Dataset items:

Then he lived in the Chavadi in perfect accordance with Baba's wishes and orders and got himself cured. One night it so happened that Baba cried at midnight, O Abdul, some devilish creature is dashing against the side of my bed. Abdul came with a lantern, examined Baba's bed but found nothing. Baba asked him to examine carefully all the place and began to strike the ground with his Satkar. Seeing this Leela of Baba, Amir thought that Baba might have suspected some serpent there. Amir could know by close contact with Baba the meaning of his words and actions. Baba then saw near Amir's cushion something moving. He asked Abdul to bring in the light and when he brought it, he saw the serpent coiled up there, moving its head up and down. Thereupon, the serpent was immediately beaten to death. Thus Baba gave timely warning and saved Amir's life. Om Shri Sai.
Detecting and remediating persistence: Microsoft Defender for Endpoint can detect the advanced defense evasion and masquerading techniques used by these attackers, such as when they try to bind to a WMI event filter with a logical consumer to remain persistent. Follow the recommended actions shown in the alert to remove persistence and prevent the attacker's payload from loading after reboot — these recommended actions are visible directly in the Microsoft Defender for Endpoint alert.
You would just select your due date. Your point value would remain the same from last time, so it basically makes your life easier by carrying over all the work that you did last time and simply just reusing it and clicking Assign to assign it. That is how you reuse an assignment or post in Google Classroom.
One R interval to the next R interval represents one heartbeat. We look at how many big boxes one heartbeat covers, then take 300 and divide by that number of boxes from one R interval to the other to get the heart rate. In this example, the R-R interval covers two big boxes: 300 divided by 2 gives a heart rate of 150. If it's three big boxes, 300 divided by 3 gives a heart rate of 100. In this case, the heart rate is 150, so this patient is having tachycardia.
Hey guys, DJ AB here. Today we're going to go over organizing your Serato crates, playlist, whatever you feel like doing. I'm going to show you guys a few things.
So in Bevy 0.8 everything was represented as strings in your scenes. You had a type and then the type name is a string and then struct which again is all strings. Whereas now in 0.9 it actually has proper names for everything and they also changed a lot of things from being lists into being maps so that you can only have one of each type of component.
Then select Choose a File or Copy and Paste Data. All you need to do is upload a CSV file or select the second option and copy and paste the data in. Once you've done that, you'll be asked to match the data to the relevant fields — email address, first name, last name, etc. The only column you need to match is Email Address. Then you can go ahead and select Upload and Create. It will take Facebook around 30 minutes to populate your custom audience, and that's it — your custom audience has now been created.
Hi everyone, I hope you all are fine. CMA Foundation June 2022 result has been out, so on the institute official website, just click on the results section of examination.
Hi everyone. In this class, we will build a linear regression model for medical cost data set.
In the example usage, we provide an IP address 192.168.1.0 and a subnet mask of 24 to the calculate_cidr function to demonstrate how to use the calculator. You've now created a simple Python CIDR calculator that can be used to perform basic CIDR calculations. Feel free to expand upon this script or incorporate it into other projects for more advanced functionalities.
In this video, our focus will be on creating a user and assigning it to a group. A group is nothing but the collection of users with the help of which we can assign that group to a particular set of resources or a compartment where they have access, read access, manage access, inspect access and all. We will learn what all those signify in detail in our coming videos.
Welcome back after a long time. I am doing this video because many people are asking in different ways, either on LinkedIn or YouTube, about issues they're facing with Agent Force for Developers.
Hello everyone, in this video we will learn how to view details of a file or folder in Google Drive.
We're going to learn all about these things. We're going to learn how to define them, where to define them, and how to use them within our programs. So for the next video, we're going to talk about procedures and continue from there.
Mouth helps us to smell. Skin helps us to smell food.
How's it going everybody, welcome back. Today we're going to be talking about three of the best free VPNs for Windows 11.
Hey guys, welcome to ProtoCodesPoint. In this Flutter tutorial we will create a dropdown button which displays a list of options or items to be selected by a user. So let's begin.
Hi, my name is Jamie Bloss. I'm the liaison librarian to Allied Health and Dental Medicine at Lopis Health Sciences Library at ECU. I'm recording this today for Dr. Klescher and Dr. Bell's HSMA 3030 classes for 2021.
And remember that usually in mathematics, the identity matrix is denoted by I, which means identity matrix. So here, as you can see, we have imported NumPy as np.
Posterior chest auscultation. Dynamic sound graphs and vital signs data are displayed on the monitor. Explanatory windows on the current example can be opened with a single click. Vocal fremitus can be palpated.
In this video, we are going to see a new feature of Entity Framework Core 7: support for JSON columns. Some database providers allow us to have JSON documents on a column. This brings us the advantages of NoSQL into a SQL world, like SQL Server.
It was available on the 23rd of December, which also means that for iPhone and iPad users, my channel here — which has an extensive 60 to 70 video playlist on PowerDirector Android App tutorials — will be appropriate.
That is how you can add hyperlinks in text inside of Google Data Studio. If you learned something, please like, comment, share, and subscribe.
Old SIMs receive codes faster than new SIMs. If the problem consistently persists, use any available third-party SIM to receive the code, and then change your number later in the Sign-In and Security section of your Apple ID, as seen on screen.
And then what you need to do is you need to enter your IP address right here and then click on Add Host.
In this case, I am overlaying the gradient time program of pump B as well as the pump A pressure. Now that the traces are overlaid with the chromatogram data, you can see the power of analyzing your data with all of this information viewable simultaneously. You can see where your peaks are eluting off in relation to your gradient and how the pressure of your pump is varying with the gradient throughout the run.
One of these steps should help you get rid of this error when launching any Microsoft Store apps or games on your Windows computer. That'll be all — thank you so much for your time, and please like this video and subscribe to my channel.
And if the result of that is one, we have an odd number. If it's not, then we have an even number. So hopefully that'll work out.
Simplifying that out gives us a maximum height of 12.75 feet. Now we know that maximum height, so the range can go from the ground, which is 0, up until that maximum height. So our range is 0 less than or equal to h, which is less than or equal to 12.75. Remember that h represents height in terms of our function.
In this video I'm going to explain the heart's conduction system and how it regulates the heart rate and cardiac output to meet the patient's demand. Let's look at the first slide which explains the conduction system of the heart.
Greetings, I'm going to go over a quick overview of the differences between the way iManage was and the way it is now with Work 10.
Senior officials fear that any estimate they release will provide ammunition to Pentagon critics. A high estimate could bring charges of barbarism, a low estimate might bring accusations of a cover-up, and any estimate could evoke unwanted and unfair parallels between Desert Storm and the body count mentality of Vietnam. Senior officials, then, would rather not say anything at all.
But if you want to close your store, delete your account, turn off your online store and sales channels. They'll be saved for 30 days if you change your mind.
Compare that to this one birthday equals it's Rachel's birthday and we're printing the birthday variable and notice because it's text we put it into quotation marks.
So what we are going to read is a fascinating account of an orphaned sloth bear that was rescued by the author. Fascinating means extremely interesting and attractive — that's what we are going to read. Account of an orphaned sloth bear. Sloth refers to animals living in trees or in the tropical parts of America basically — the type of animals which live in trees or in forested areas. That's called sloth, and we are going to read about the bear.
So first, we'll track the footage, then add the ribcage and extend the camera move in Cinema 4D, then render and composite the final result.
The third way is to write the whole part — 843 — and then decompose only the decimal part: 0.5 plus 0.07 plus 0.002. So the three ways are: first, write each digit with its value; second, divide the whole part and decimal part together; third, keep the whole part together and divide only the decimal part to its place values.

### Work item
Set down, exactly as they appear above, all lines from the one that has "One of these" down to the one that has "Simplifying that out", including those two and no others.

### Output for this task
One of these steps should help you get rid of this error when launching any Microsoft Store apps or games on your Windows computer. That'll be all — thank you so much for your time, and please like this video and subscribe to my channel.
And if the result of that is one, we have an odd number. If it's not, then we have an even number. So hopefully that'll work out.
Simplifying that out gives us a maximum height of 12.75 feet. Now we know that maximum height, so the range can go from the ground, which is 0, up until that maximum height. So our range is 0 less than or equal to h, which is less than or equal to 12.75. Remember that h represents height in terms of our function.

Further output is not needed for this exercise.